---------- INPUT DATA ----------
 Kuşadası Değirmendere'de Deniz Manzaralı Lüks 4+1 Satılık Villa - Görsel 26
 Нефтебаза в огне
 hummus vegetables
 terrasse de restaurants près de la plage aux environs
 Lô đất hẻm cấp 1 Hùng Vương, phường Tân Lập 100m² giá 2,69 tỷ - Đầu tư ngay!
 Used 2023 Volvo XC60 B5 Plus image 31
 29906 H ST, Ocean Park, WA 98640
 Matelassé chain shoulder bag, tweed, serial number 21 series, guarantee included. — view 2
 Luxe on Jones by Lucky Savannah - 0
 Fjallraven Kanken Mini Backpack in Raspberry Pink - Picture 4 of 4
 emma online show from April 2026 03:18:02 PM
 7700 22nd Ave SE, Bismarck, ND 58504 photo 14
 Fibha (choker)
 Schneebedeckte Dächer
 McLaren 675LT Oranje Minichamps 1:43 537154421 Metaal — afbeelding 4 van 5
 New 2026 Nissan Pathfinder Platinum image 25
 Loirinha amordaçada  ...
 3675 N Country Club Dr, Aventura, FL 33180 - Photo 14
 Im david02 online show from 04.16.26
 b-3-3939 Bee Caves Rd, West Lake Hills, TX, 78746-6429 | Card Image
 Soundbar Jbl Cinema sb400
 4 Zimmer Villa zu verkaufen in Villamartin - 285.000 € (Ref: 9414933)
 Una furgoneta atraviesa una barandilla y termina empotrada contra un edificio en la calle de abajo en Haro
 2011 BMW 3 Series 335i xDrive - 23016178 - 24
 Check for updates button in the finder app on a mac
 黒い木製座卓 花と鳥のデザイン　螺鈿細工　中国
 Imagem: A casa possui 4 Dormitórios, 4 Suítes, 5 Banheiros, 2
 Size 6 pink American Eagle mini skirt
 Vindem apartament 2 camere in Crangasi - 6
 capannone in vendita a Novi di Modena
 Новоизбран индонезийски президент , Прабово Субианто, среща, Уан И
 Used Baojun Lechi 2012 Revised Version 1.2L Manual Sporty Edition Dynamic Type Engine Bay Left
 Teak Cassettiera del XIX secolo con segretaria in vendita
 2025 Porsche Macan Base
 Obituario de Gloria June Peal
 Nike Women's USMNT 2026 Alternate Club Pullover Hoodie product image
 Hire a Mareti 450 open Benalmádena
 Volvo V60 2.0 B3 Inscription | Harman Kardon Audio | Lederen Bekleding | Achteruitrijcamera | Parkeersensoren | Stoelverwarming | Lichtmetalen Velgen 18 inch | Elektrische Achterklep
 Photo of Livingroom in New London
----------
### EXERCISE DIRECTIONS
Return every line above exactly as it stands.

### TASK RESPONSE
 Kuşadası Değirmendere'de Deniz Manzaralı Lüks 4+1 Satılık Villa - Görsel 26
 Нефтебаза в огне
 hummus vegetables
 terrasse de restaurants près de la plage aux environs
 Lô đất hẻm cấp 1 Hùng Vương, phường Tân Lập 100m² giá 2,69 tỷ - Đầu tư ngay!
 Used 2023 Volvo XC60 B5 Plus image 31
 29906 H ST, Ocean Park, WA 98640
 Matelassé chain shoulder bag, tweed, serial number 21 series, guarantee included. — view 2
 Luxe on Jones by Lucky Savannah - 0
 Fjallraven Kanken Mini Backpack in Raspberry Pink - Picture 4 of 4
 emma online show from April 2026 03:18:02 PM
 7700 22nd Ave SE, Bismarck, ND 58504 photo 14
 Fibha (choker)
 Schneebedeckte Dächer
 McLaren 675LT Oranje Minichamps 1:43 537154421 Metaal — afbeelding 4 van 5
 New 2026 Nissan Pathfinder Platinum image 25
 Loirinha amordaçada  ...
 3675 N Country Club Dr, Aventura, FL 33180 - Photo 14
 Im david02 online show from 04.16.26
 b-3-3939 Bee Caves Rd, West Lake Hills, TX, 78746-6429 | Card Image
 Soundbar Jbl Cinema sb400
 4 Zimmer Villa zu verkaufen in Villamartin - 285.000 € (Ref: 9414933)
 Una furgoneta atraviesa una barandilla y termina empotrada contra un edificio en la calle de abajo en Haro
 2011 BMW 3 Series 335i xDrive - 23016178 - 24
 Check for updates button in the finder app on a mac
 黒い木製座卓 花と鳥のデザイン　螺鈿細工　中国
 Imagem: A casa possui 4 Dormitórios, 4 Suítes, 5 Banheiros, 2
 Size 6 pink American Eagle mini skirt
 Vindem apartament 2 camere in Crangasi - 6
 capannone in vendita a Novi di Modena
 Новоизбран индонезийски президент , Прабово Субианто, среща, Уан И
 Used Baojun Lechi 2012 Revised Version 1.2L Manual Sporty Edition Dynamic Type Engine Bay Left
 Teak Cassettiera del XIX secolo con segretaria in vendita
 2025 Porsche Macan Base
 Obituario de Gloria June Peal
 Nike Women's USMNT 2026 Alternate Club Pullover Hoodie product image
 Hire a Mareti 450 open Benalmádena
 Volvo V60 2.0 B3 Inscription | Harman Kardon Audio | Lederen Bekleding | Achteruitrijcamera | Parkeersensoren | Stoelverwarming | Lichtmetalen Velgen 18 inch | Elektrische Achterklep
 Photo of Livingroom in New London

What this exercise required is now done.